How a write works at a high level 

A public write operation follows this broad pattern:

acquire the repository writer lock
stage payload and metadata changes under transaction-local state
publish immutable payload bytes
commit metadata truth atomically
clean residue and release the lock

The intended observable rule is simple:

If a write does not complete successfully, the repository should look as if that write never happened.

That rollback-oriented behavior is one of the reasons hubvault keeps explicit transaction and recovery areas instead of mutating committed truth in place.

Why the structure supports portability 

Because the repository keeps its durable state inside one root directory:

there is no repo-external sidecar database to carry around
there is no absolute-path binding in repository truth
archive / restore workflows do not need a rebuild step just to reopen

This is the practical reason hubvault can act like a portable local artifact repository rather than a cache that depends on host-local state.

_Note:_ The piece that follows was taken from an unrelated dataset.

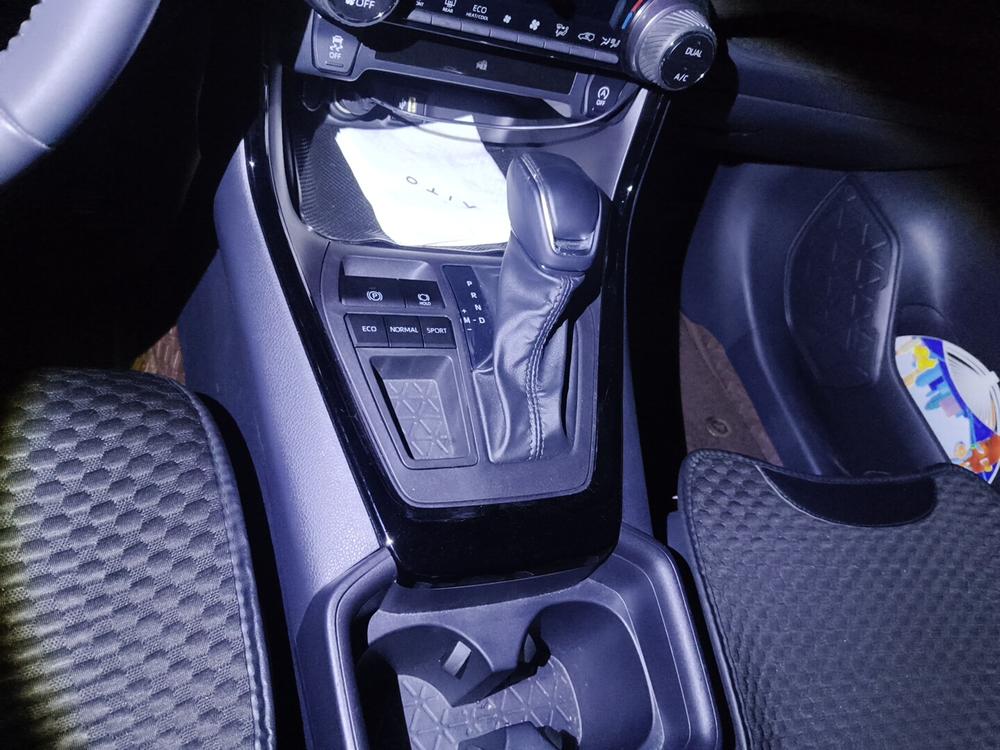 Toyota Wildlander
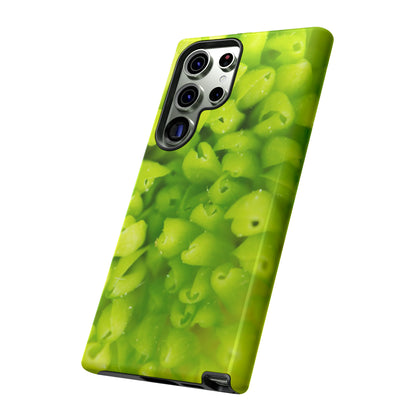 Lime Time Only / Samsung Case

Complete structure example 

from pathlib import Path

from hubvault import HubVaultApi

repo_dir = Path("structure-repo")
api = HubVaultApi(repo_dir)
api.create_repo(large_file_threshold=32)

api.upload_file(
    path_or_fileobj=b"small-file",
    path_in_repo="artifacts/small.bin",
    commit_message="add small file",
)
api.upload_file(
    path_or_fileobj=b"A" * 64,
    path_in_repo="artifacts/large.bin",
    commit_message="add large file",
)

print((repo_dir / "FORMAT").exists())               # True
print((repo_dir / "metadata.sqlite3").exists())     # True
print((repo_dir / "locks" / "repo.lock").exists())  # True

small, large = api.get_paths_info(
    ["artifacts/small.bin", "artifacts/large.bin"]
)
print(small.lfs is None)            # True
print(large.lfs is not None)        # True

download_path = api.hf_hub_download("artifacts/large.bin")
print(Path(download_path).as_posix().endswith("artifacts/large.bin"))
# True

overview = api.get_storage_overview()
print(overview.total_size > 0)      # True

Note

Exact IDs, file counts, and pack counts vary by repository state. The stable part is the role of each area, the split between metadata truth and payload bytes, and the detached-view semantics.